While cost-conscious companies have slashed technology purchases in recent months, they do not plan to cut back on external hardware and software support services, according to IT research group Dataquest Inc., a unit of Gartner Inc.
In a report released Friday, Gartner Dataquest vice-president of IT services worldwide group Eric Rocco called IT industry support services “relatively recession proof,” noting that corporate users still need support for technology they have already purchased, despite slowing economic conditions that make new purchases prohibitive.
A survey of 250 organizations conducted by the research company revealed that 52 per cent of respondents expected to increase their spending on external hardware support services between 2001 and 2003, whereas 63 per cent of respondents expected to notch up spending on external software support services over the same period.
In terms of budgets, the average two-year increase in hardware support spending was 28 per cent, with an average 27 per cent increase slated for external software support.
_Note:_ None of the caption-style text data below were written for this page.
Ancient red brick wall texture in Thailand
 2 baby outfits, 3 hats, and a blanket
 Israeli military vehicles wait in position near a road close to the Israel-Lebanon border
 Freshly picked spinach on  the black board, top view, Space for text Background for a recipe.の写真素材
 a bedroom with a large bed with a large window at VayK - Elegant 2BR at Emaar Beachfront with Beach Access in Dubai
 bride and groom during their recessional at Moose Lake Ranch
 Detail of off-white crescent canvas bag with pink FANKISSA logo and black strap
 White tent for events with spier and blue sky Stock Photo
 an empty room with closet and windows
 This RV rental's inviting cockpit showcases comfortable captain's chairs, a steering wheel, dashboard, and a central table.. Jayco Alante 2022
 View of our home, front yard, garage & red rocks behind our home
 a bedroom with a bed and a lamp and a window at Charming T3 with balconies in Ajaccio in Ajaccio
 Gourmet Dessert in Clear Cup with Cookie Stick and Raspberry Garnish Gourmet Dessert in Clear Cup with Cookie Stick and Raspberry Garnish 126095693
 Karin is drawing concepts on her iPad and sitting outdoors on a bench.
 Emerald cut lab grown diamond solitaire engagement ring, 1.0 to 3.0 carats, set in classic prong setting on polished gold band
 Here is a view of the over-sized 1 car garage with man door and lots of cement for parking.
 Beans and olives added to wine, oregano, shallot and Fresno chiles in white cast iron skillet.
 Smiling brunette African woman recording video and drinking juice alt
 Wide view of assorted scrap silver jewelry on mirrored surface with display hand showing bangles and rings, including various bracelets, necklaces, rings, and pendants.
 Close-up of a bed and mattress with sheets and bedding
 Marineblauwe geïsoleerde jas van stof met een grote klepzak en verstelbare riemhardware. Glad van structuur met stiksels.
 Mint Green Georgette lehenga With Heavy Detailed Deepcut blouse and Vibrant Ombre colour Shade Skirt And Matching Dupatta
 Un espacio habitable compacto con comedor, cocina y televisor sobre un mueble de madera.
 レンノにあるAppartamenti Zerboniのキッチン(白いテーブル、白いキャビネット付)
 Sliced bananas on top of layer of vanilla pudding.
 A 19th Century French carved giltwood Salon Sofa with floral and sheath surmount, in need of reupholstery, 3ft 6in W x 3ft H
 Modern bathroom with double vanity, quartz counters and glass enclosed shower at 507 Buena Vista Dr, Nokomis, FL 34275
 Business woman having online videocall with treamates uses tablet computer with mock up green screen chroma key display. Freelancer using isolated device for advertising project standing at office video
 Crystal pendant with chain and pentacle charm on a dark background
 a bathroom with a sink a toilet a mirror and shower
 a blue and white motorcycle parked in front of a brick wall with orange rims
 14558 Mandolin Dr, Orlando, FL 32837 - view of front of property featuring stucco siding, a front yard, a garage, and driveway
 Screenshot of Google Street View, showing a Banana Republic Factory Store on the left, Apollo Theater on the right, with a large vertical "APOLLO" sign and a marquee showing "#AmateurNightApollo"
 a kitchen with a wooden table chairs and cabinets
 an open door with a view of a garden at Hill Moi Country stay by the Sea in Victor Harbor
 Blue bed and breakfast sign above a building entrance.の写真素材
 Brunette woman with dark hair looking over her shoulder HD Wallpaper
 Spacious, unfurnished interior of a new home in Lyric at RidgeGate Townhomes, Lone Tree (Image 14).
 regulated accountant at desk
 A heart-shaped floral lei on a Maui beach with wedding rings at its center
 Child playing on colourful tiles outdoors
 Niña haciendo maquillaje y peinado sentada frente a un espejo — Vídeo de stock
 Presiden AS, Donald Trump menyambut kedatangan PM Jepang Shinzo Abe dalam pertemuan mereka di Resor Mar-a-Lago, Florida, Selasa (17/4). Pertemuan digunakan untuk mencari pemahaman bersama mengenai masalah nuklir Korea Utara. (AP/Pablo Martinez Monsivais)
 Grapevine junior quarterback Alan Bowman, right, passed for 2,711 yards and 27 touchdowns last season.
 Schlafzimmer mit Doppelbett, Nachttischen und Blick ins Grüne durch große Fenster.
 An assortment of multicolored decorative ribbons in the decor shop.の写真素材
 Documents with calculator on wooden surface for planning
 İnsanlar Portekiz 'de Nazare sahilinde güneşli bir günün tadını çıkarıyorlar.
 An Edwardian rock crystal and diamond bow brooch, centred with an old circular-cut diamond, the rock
Just 13 per cent of surveyed companies said that they expect to decrease their spending on external hardware support, and five per cent said that they would shave spending on software support.
All this is good news for infrastructure support providers, Dataquest analysts said, who can expect to see continued growth in coming years.
The survey uncovered particularly auspicious opportunities for hardware manufacturers, who were the most popular sources of support. Thirty percent of respondents said that the most important support services to them were in the workgroup/LAN area, whereas 47 per cent said that storage device support topped their lists. The most important support attribute to hardware support users was a single point-of-contact, the report states.
Internet-based services also proved to be a popular sector, with 70 per cent of 177 respondents saying that they had used the services. This, said Dataquest analysts, shows that the money vendors invested in Web-based services was well spent. However, survey respondents said that they received satisfactory answers for their online inquiries only 52 per cent of the time.
This is number is too low, analysts said. One way to improve online service is for companies to train their customer service representatives to promote Web site use as well as teach customers how to use the online services, Gartner Dataquest senior analyst of IT services worldwide group Bob Igou said in a release.
Meanwhile, in related news, International Data Corp. (IDC) reported that worldwide IT spending between 2001 and 2003 could be US$150 billion lower than earlier forecasts if the U.S. economic slowdown spreads to Europe [see story – IDC: Global IT sales could be lower than forecast].
That scenario is becoming more likely as new economic data points to a more severe economic downturn in Western Europe, IDC said. This could lead to $50 billion less in demand for IT products and services from European customers, adding to the expected $100 billion shortfall in the rest of the world.
IDC currently predicts 11 per cent growth for the European IT market this year. But if the worst economic predictions turn out to be true, that growth may drop to as low as 7.9 per cent, IDC said.